Filed Date: 5/11/2004
Status: Precedential
Modified Date: 11/1/2024
Order, Supreme Court, New York County (Marcy S. Friedman, J.), entered April 10, 2003, which, insofar as appealed from as limited by the briefs, granted defendants’ motion for summary judgment dismissing plaintiffs cause of action for defamation, unanimously affirmed, without costs.
Plaintiffs defamation claim is based on her supervisor’s statements, made at a meeting of investment professionals employed by defendant investment firm, explaining why plaintiff was terminated the day before. The supervisor stated that the appropriate personnel at the firm had determined that, in trading certain stock on her own account, plaintiff failed to comply with regulatory procedures and the firm’s internal code of ethics, and that forceful action had to be taken against her in order to maintain the firm’s high standards of ethics.
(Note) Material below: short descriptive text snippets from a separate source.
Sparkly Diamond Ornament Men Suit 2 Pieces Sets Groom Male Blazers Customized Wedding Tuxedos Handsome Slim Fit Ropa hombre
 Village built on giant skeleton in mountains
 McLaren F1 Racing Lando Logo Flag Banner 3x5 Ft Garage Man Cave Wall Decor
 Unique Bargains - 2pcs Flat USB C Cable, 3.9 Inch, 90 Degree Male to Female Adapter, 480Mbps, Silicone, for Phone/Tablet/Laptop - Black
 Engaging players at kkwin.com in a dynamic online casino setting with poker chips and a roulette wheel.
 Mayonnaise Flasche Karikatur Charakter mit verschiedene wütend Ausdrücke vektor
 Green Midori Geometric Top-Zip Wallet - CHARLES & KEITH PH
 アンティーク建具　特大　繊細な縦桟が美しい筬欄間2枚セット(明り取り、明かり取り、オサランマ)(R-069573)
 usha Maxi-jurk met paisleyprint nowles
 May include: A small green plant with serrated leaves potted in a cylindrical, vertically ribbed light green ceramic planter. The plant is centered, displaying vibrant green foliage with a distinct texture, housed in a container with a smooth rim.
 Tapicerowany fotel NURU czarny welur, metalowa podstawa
The motion court found an issue of fact as to whether the firm had made a final determination of an ethics violation, but nevertheless granted summary judgment on the ground that no issues of fact exist as to whether the supervisor’s statements were protected by the common interest privilege or uttered with malice. On appeal, plaintiff argues that an issue of fact does exist as to whether the supervisor uttered the statements knowing that a final determination had not yet been made, or at least with a high degree of awareness that a final determination had probably not been made. We find no such issue of fact.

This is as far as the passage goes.